Emine Sevgi Ozdamar, “Black Eye and His Donkey” (1993)


In the wake of the 1992 Bachmann Prize controversy, the German weekly newspaper Die Zeit asked Ozdamar to describe her experiences as a migrant writer in Germany. The following text somewhat sidesteps this topical question, opting in­stead to narrate her engagement with the theatrical process of staging experiential narratives about migration. Karagdz, or black eye, is a Turkish theatrical genre of shadow puppetry that usually serves as a vehicle for social critique and political satire.


My first play was Karagdz in Alamania, written in 1982. It means “Black Eye in Germany.” I wrote it because I had discovered the letter of a Turkish guest worker. I never knew the man personally. He had gone back to Turkey for good, to his home village.

Guest worker is a term I love. When I encounter it, I always picture two people; one is just sitting there as a guest, and the other is working.

The letter was written on a typewriter. The other thing that struck me about it was that at no point did he say anything bad about Germany. He said, “A worker has no home. Wherever-there-is work is home for him.” He wrote about his wife, who could not stand the life either in Turkey or in Germany. She was always moving from the one country to the other, and on every oc­casion she was pregnant.

Once, while in Germany, his wife had told him that back home in their vil­lage in Turkey, she and his uncle had eaten cherries together from the same tree. Leaving his wife on her own in Germany, he had made the 3,000-kilometer journey to Turkey, merely in order to ask his relatives which of the two had first been standing under the cherry tree. Was it his wife or his uncle? Who had first gone to the tree, and who had gone to join the other already eating cherries?

He questioned relatives and neighbors in the village. The whole affair grew out of all proportion.

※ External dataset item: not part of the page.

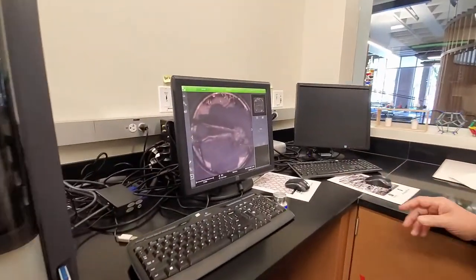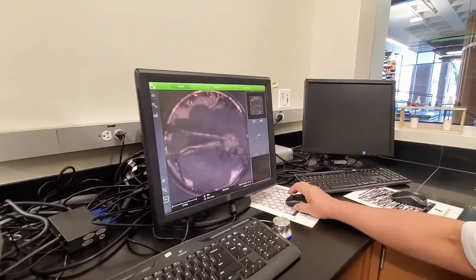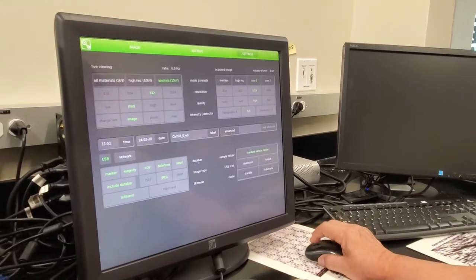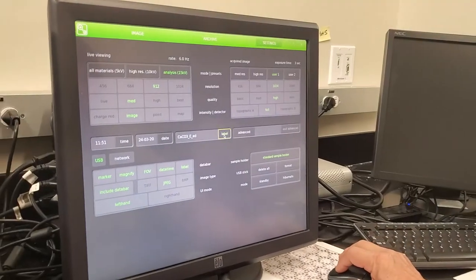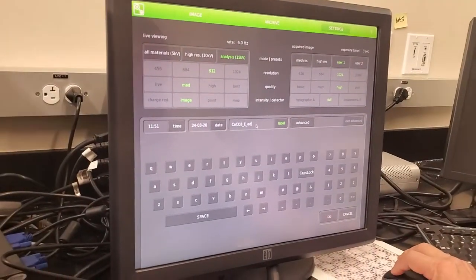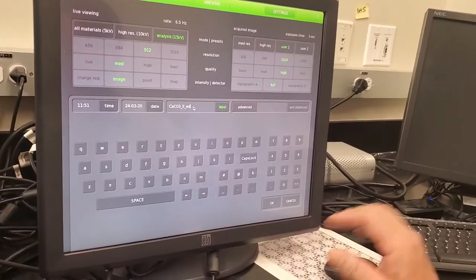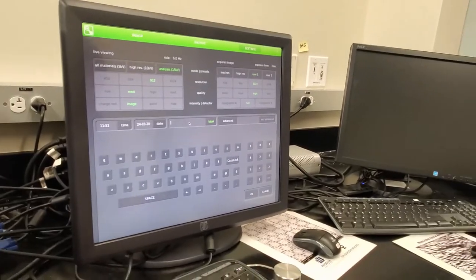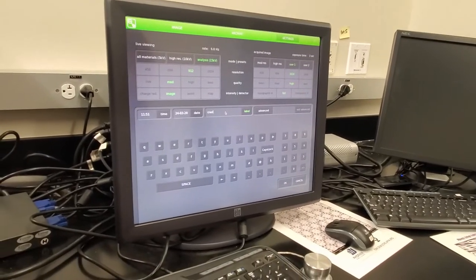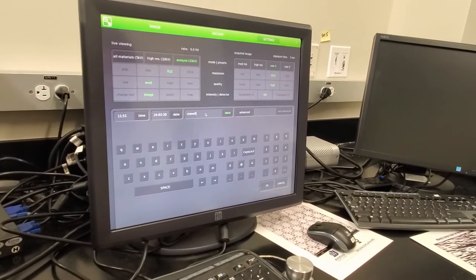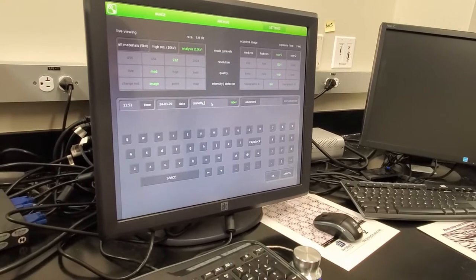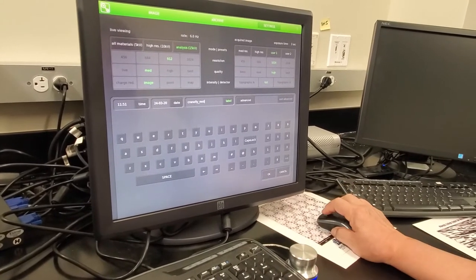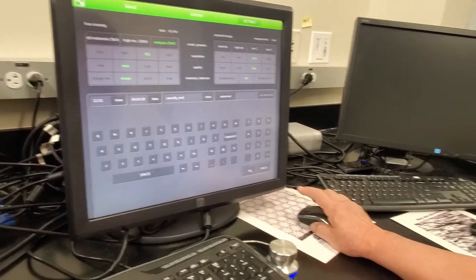First thing we want to do is go to Settings, go to Label, and what you do is label this one as crane fly. So: crane fly, and this is MNT — it's MNT — and then say OK.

While in Germany, he was politicized by Turkish students who were Maoists. Once he was with them outside a factory, handing out leaflets against the Turkish fascists. When the fascists arrived on the scene, the Maoist students disappeared, and he was left standing there alone. The Turk­ish fascists punched him in the face, leaving one side of it paralyzed.

I could not understand the Turkish he wrote in his letter very well.

I wanted to write a play about him and then invite him back to Germany for the premiere. I wanted to show him that his life was a novel, just as he himself had claimed that it was in his letter. So I made the journey from Ger­many to Turkey by train.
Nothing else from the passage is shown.